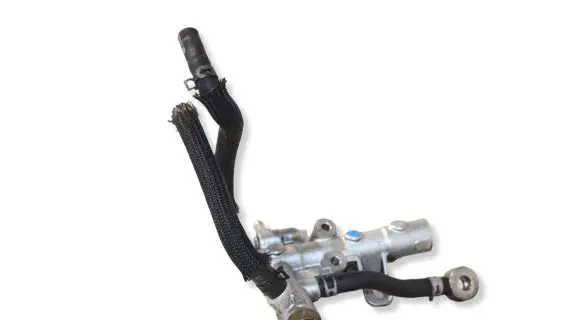 Mazda 6 Fuel distributor 
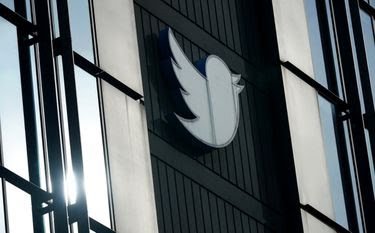 X Corp Now Ahora antes Twitter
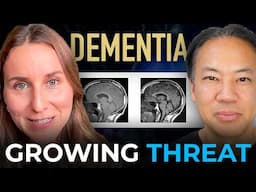 6 Ways to Prevent Cognitive Decline & How to Maintain Brain Health | Dr. Heather Sandison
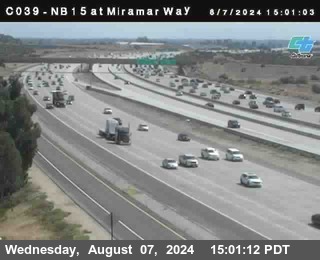 NB 15 JSO Miramar Way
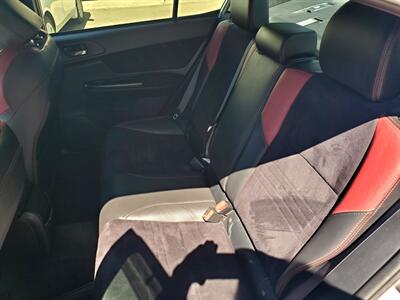 2017 Subaru WRX STI   - Photo 8 - Fresno, CA 93722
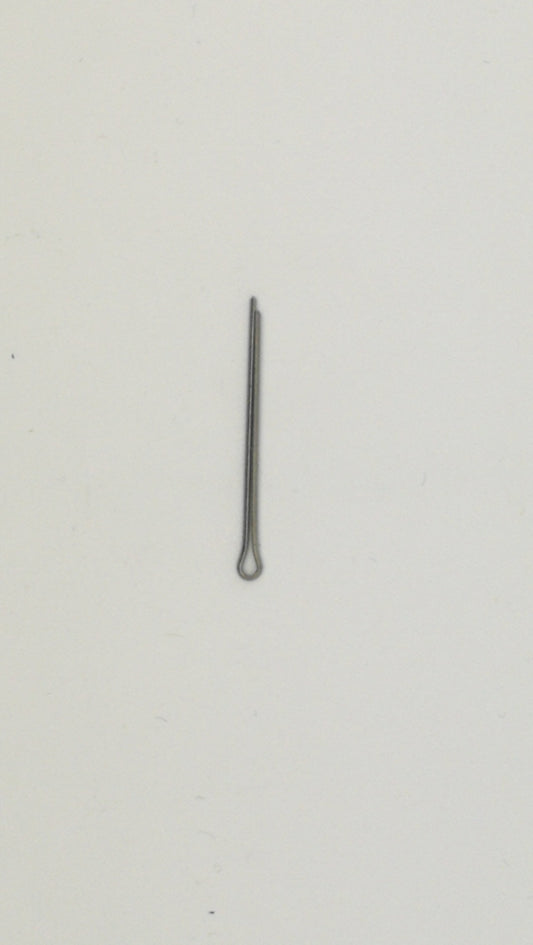 Dillon Precision Cotter Key (Stainless Steel)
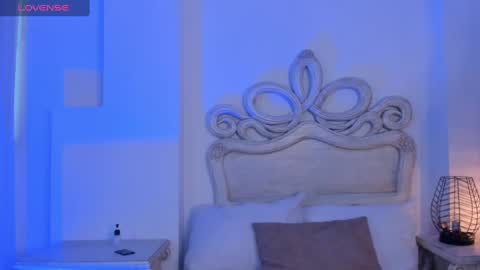 Snapshot of victoria_vallejo chatting on 5, 12, 2024 victoria online show from 5, 12, 2024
★ ★ ★ ★
Try it
Give again exactly the lines from the one holding "6 Ways to Prevent" to the final line of the records, both ends included, and nothing more. Pictures do not belong in the copy.

Completed task
 6 Ways to Prevent Cognitive Decline & How to Maintain Brain Health | Dr. Heather Sandison
 NB 15 JSO Miramar Way
 2017 Subaru WRX STI   - Photo 8 - Fresno, CA 93722
 Dillon Precision Cotter Key (Stainless Steel)
 Snapshot of victoria_vallejo chatting on 5, 12, 2024 victoria online show from 5, 12, 2024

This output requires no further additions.